Art. 3:105 lid 1 BW: 1. Hij die een goed bezit op het tijdstip waarop de verjaring van de rechtsvordering strekkende tot beëindiging van het bezit wordt voltooid, verkrijgt dat goed, ook al was zijn bezit niet te goeder trouw.
Art 3:306 BW: Indien de wet niet anders bepaalt, verjaart een rechtsvordering door verloop van twintig jaren.
NB: houderschap kan door verjaring niet worden tot bezit (en vervolgens eigendom); art. 3:111 verzet zich daartegen (het interversieverbod; zie verderop in deze e-learning).
Art. 3:111 BW: Wanneer men heeft aangevangen krachtens een rechtsverhouding voor een ander te houden, gaat men daarmede onder dezelfde titel voort, zolang niet blijkt dat hierin verandering is gebracht, hetzij ten gevolge van een handeling van hem voor wie men houdt, hetzij ten gevolge van een tegenspraak van diens recht.
Art. 3:120 BW: 1. Aan een bezitter te goeder trouw behoren de afgescheiden natuurlijke en de opeisbaar geworden burgerlijke vruchten toe. 2. De rechthebbende op een goed, die dit opeist van een bezitter te goeder trouw of die het van deze heeft terugontvangen, is verplicht de ten behoeve van het goed gemaakte kosten alsmede de schade waarvoor de bezitter op grond van het in titel 3 van Boek 6 bepaalde uit hoofde van zijn bezit jegens derden aansprakelijk mocht zijn, aan deze te vergoeden, voor zover de bezitter niet door de vruchten van het goed en de overige voordelen die hij ter zake heeft genoten, voor het een en ander is schadeloos gesteld. De rechter kan de verschuldigde vergoeding beperken, indien volledige vergoeding zou leiden tot onbillijke bevoordeling van de bezitter jegens de rechthebbende. 3. Zolang een bezitter te goeder trouw de hem verschuldigde vergoeding niet heeft ontvangen, is hij bevoegd de afgifte van het goed op te schorten. 4. Het in dit artikel bepaalde is ook van toepassing op hem die meent en mocht menen dat hij het bezit rechtmatig heeft verkregen, ook al weet hij dat de handelingen die voor de levering van het recht nodig zijn, niet hebben plaatsgevonden.

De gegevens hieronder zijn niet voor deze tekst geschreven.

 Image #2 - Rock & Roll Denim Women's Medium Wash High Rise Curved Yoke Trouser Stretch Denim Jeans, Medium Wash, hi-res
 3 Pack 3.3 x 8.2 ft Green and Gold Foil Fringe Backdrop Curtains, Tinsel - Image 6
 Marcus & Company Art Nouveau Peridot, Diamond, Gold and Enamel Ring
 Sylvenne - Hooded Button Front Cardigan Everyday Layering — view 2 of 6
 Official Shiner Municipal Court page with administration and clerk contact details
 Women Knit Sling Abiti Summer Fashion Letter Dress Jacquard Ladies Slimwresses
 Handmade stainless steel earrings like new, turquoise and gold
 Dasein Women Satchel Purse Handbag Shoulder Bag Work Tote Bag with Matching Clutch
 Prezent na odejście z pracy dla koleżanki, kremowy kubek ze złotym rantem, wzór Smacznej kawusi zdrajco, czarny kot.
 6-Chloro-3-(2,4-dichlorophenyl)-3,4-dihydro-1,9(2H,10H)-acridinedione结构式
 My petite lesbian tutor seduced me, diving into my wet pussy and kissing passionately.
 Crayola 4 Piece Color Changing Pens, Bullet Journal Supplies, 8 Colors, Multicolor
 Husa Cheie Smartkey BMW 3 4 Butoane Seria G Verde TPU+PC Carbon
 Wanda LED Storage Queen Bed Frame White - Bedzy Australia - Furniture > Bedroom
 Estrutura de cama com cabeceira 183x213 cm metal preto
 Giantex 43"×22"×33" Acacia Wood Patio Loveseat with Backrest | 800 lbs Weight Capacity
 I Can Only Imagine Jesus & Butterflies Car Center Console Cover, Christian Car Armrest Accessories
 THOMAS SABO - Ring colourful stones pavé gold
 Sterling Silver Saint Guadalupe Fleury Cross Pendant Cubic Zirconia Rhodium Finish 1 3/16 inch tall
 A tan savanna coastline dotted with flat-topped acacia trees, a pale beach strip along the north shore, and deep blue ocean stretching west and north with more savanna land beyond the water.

Art. 3:121 BW: 1. Een bezitter die niet te goeder trouw is, is jegens de rechthebbende behalve tot afgifte van het goed ook verplicht tot het afgeven van de afgescheiden natuurlijke en de opeisbaar geworden burgerlijke vruchten, onverminderd zijn aansprakelijkheid op grond van het in titel 3 van Boek 6 bepaalde voor door de rechthebbende geleden schade. 2. Hij heeft tegen de rechthebbende alleen een vordering tot vergoeding van de kosten die hij ten behoeve van het goed of tot winning van de vruchten heeft gemaakt, voor zover hij deze vergoeding van de rechthebbende kan vorderen op grond van het bepaalde omtrent ongerechtvaardigde verrijking. 3. Het in dit artikel bepaalde is ook op de bezitter te goeder trouw van toepassing vanaf het tijdstip waarop de rechthebbende zijn recht tegen hem heeft ingeroepen.
Art. 3:123 BW: Heeft de bezitter van een zaak daaraan veranderingen of toevoegingen aangebracht, dan is hij bevoegd om, in plaats van de hem op grond van de artikelen 120 en 121 daarvoor toekomende vergoeding te vorderen, deze veranderingen of toevoegingen weg te nemen, mits hij de zaak in de oude toestand terugbrengt.